Le Plus Grand des paradoxes sur pied

Invoquer le souvenir d’un homme à ce point connu, à la fois adulé et honni, présente un deuxième écueil : celui d’une thèse simplette et binaire, versant soit dans le brûlot, soit dans l’hagiographie. Il faut rendre justice à l’auteur d’avoir magnifiquement mis en lumière les innombrables paradoxes de Mohammed Ali, né à Louisville, Kentucky au temps de la ségrégation raciale, et mort durant le mandat d’un président afro-américain.

Celui qui refusa, au lendemain de son titre de champion du monde, le « nom d’esclave » de Cassius Clay fut tout autant rebelle et patriote, aussi provocateur que pitre, ennemi public clivant puis icône consensuelle, avide – de gloire, d’argent et de sexe – et généreux, à la fois malin et idiot – tels les grands communicants de l’âge de Twitter -, flamboyant puis humble, tour-à-tour saint et très méchant – comme son rival Joe Frazier put en témoigner -, religieux et coureur de jupons, intégriste puis tolérant, immensément courageux devant ses adversaires, juges et détracteurs mais pusillanime face à ses épouses, aussi raciste que le stipulait Nation of Islam vis-à vis des « diables aux yeux bleus », mais plus dur envers les boxeurs noirs et respectueux de ses partenaires blancs, virevoltant comme un poids welter puis fondant ses succès tardifs sur une irréelle capacité à encaisser sans bouger, dyslexique noircissant des montagnes de notes sur la religion, volubile à l’excès avant de devenir taiseux – le syndrome de Parkinson n’en fut que l’une des explications -, en pointe dans l’Affirmative Action sans avoir grandi dans la même misère que l’essentiel de ses confrères boxeurs…

Une bio poids lourd

Que le lecteur se débrouille avec ça, tout au long des 620 pages de cette somme définitive. Si l’admiration et la tendresse personnelles de Jonathan Eig percent dans le très bel épilogue, il aura eu le mérite indéniable d’instruire le dossier à charge et à décharge. Tout en travaillant à vérifier ou invalider quantité de mythes dans le mythe : non, nul ne peut confirmer qu’Ali aurait jeté de rage sa médaille d’or des JO de 1960 dans une rivière, ou affirmé qu’ « aucun viet-cong ne l’avait jamais traité de nègre »…

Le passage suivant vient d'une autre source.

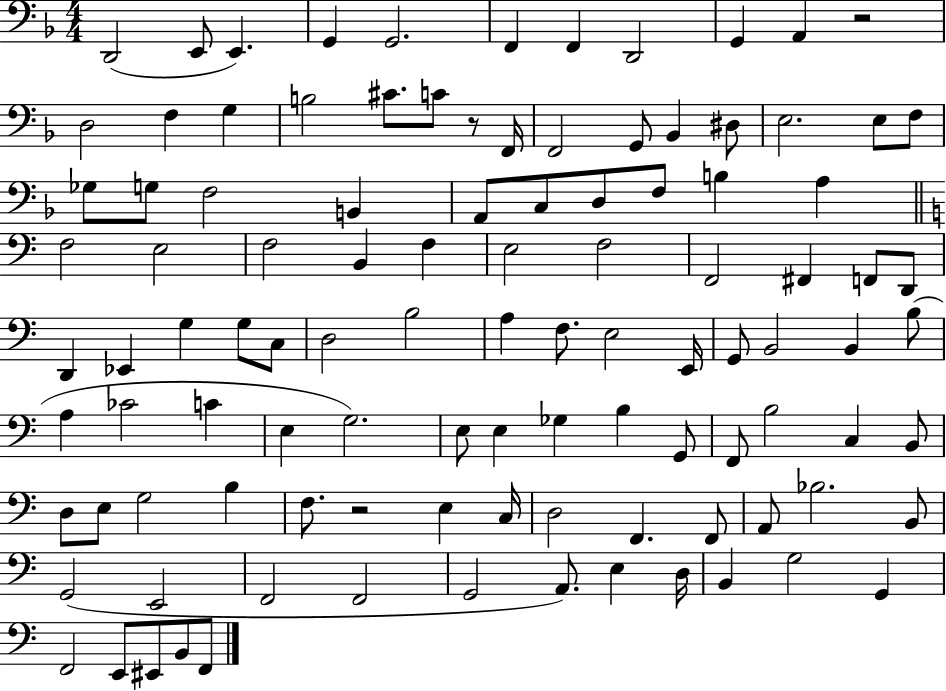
{
  \clef bass
  \numericTimeSignature
  \time 4/4
  \key f \major
  d,2( e,8 e,4.) | g,4 g,2. | f,4 f,4 d,2 | g,4 a,4 r2 | \break d2 f4 g4 | b2 cis'8. c'8 r8 f,16 | f,2 g,8 bes,4 dis8 | e2. e8 f8 | \break ges8 g8 f2 b,4 | a,8 c8 d8 f8 b4 a4 | \bar "||" \break \key c \major f2 e2 | f2 b,4 f4 | e2 f2 | f,2 fis,4 f,8 d,8 | \break d,4 ees,4 g4 g8 c8 | d2 b2 | a4 f8. e2 e,16 | g,8 b,2 b,4 b8( | \break a4 ces'2 c'4 | e4 g2.) | e8 e4 ges4 b4 g,8 | f,8 b2 c4 b,8 | \break d8 e8 g2 b4 | f8. r2 e4 c16 | d2 f,4. f,8 | a,8 bes2. b,8 | \break g,2( e,2 | f,2 f,2 | g,2 a,8.) e4 d16 | b,4 g2 g,4 | \break f,2 e,8 eis,8 b,8 f,8 | \bar "|."
}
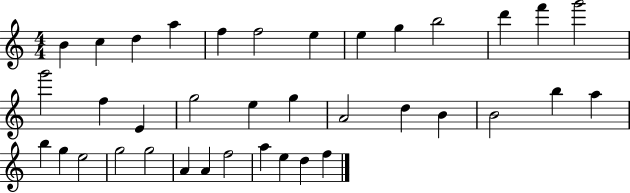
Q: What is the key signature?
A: C major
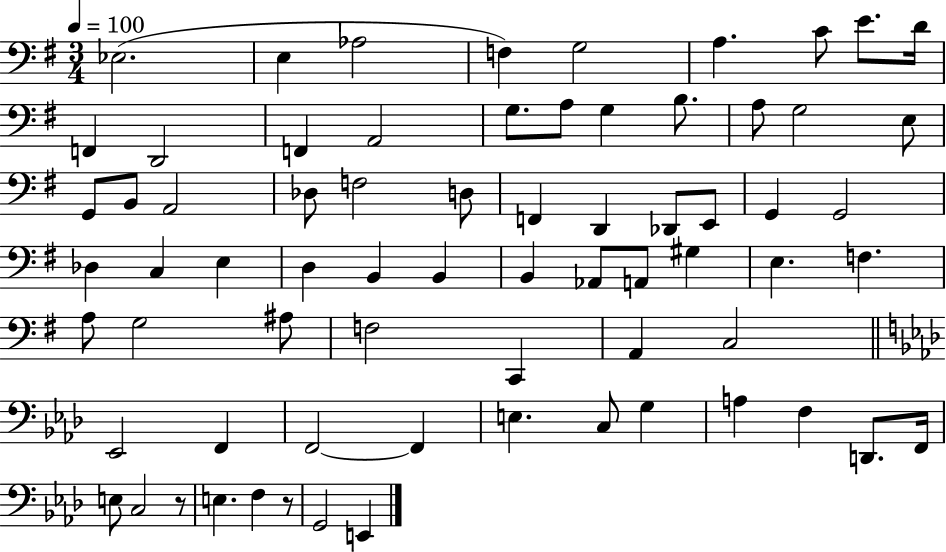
Eb3/h. E3/q Ab3/h F3/q G3/h A3/q. C4/e E4/e. D4/s F2/q D2/h F2/q A2/h G3/e. A3/e G3/q B3/e. A3/e G3/h E3/e G2/e B2/e A2/h Db3/e F3/h D3/e F2/q D2/q Db2/e E2/e G2/q G2/h Db3/q C3/q E3/q D3/q B2/q B2/q B2/q Ab2/e A2/e G#3/q E3/q. F3/q. A3/e G3/h A#3/e F3/h C2/q A2/q C3/h Eb2/h F2/q F2/h F2/q E3/q. C3/e G3/q A3/q F3/q D2/e. F2/s E3/e C3/h R/e E3/q. F3/q R/e G2/h E2/q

Rendre compte de toute la complexité du personnage était certes le principal défi posé au biographe. Il est relevé, sans discussion possible. Restait à convaincre les spécialistes déjà bien documentés sur le sujet, auxquels votre serviteur, qui n’a jamais fait mystère de son goût pour l’escrime de poings, se pique d’appartenir, en apportant du neuf et du croustillant sur une vie à ce point rebattue. Et, là encore, le bazar tient la route : les 600 entretiens auprès de 200 témoins, les archives inédites du FBI et de la justice, ou les heures d’auscultations de sa carrière sur Youtube lui confèrent une vraie profondeur, comme le traitement statistique approfondi de ses 61 combats professionnels… Et celui de ses interviews, où le déclin progressif des mots prononcés à la seconde, bien avant la retraite sportive du champion, effraie littéralement.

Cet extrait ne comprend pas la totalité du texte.